Nginx – Blocking ‘good’ bots in nginx with multiple conditions for certain off-limits URL’s where humans can go

nginxweb-crawler

After 2 days of searching/trying/failing I decided to post this here, I haven't found any example of someone doing the same nor what I tried seems to be working OK. I'm trying to send a 403 to bots not respecting the robots.txt file (even after downloading it several times). Specifically Googlebot. It will support the following robots.txt definition.

User-agent: *
Disallow: /*/*/page/

The intent is to allow Google to browse whatever they can find on the site but return a 403 for the following type of request. Googlebot seems to keep on nesting these links eternally adding paging block after block:

my_domain.com:80 - 66.x.67.x - - [25/Apr/2012:11:13:54 +0200] "GET /2011/06/
page/3/?/page/2//page/3//page/2//page/3//page/2//page/2//page/4//page/4//pag
e/1/&wpmp_switcher=desktop HTTP/1.1" 403 135 "-" "Mozilla/5.0 (compatible; G
ooglebot/2.1; +http://www.google.com/bot.html)"

It's a wordpress site btw. I don't want those pages to show up, even though after the robots.txt info got through, they stopped for a while only to begin crawling again later. It just never stops …. I do want real people to see this. As you can see, google get a 403 but when I try this myself in a browser I get a 404 back.

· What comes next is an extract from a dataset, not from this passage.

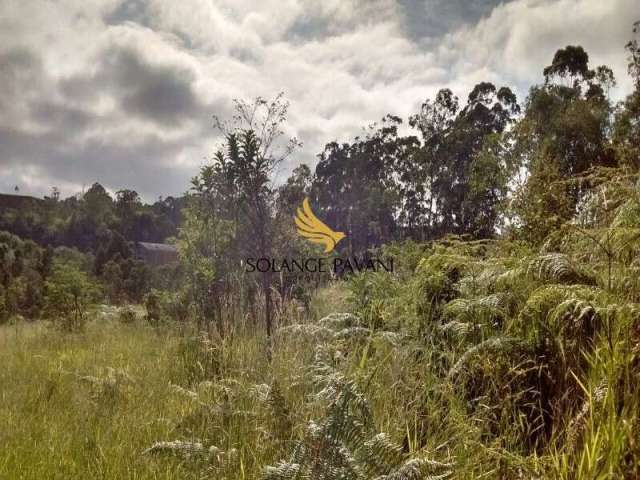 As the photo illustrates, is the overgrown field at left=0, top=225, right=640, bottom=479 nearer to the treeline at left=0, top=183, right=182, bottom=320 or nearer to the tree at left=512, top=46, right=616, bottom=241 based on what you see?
the treeline at left=0, top=183, right=182, bottom=320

I want browsers to pass.

root@my_domain:# nginx -V
nginx version: nginx/1.2.0

I tried different approaches, using a map and plain old nono if's and they both act the same:
(under http section)

map $http_user_agent $is_bot {
default 0;
~crawl|Googlebot|Slurp|spider|bingbot|tracker|click|parser|spider 1;
}

(under the server section)

location ~ /(\d+)/(\d+)/page/ {
if ($is_bot) {
return 403; # Please respect the robots.txt file !
}
}

I recently had to polish up my Apache skills for a client where I did about the same thing like this :

# Block real Engines , not respecting robots.txt but allowing correct calls to pass
# Google
RewriteCond %{HTTP_USER_AGENT} ^Mozilla/5\.0\ \(compatible;\ Googlebot/2\.[01];\ \+http://www\.google\.com/bot\.html\)$ [NC,OR]
# Bing
RewriteCond %{HTTP_USER_AGENT} ^Mozilla/5\.0\ \(compatible;\ bingbot/2\.[01];\ \+http://www\.bing\.com/bingbot\.htm\)$ [NC,OR]
# msnbot
RewriteCond %{HTTP_USER_AGENT} ^msnbot-media/1\.[01]\ \(\+http://search\.msn\.com/msnbot\.htm\)$ [NC,OR]
# Slurp
RewriteCond %{HTTP_USER_AGENT} ^Mozilla/5\.0\ \(compatible;\ Yahoo!\ Slurp;\ http://help\.yahoo\.com/help/us/ysearch/slurp\)$ [NC]

# block all page searches, the rest may pass
RewriteCond %{REQUEST_URI} ^(/[0-9]{4}/[0-9]{2}/page/) [OR]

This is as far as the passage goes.